Just last week, we brought our brains together to come up with creative marketing ideas for a prospective client. Depending on the day of the week, the time of day and the amount of chocolate miniatures we consume, our team comes up with some pretty amazing ideas.

But on other days – days where our brains are just a little fried – we just can’t get to that bright idea. We struggle. So on these days, we have to inject a bit of creativity. Our top seven brain boosters are:

  1. Start flipping. Look through relevant magazines for thoughts and ideas.
  2. Get competitive. Discuss what the company’s competitors have done (and the natural progression, of course, is how we can one up them).
  3. Find new words. Consult with the thesaurus and/or dictionary for complimentary words that may trigger some other thoughts.
  4. Take a field trip. For example, we ate lunch at a chain restaurant we pitched several months ago.
  5. Switch shoes. Put yourself in the target audience’s shoes. What do they care about? What do they want to know? What would appeal to them?
  6. Apply a news hook. Write a few headlines and visualize a story in the media. Imagine what you want to see in writing.

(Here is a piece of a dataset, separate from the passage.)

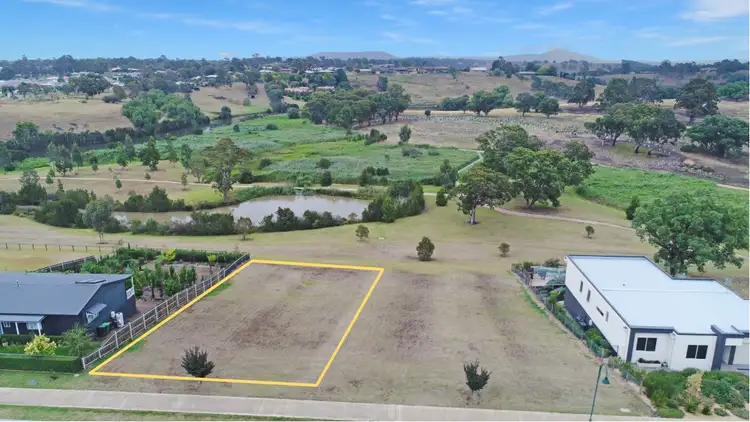 21 Lorimer Drive, Eastwood VIC 3875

What sort of visual would media care about? Consider the elements of a good news story and use those as a springboard.
  7. Use sticky notes. Throw out a question and have team members write their ideas on sticky notes and randomly place them on the board. Then build on those ideas.

So, please, do tell. What do you do when you’re sitting in a brainstorm and your brain just won’t get going? How do you get that big idea?

Because, when it comes down to it – creative ideas drive results.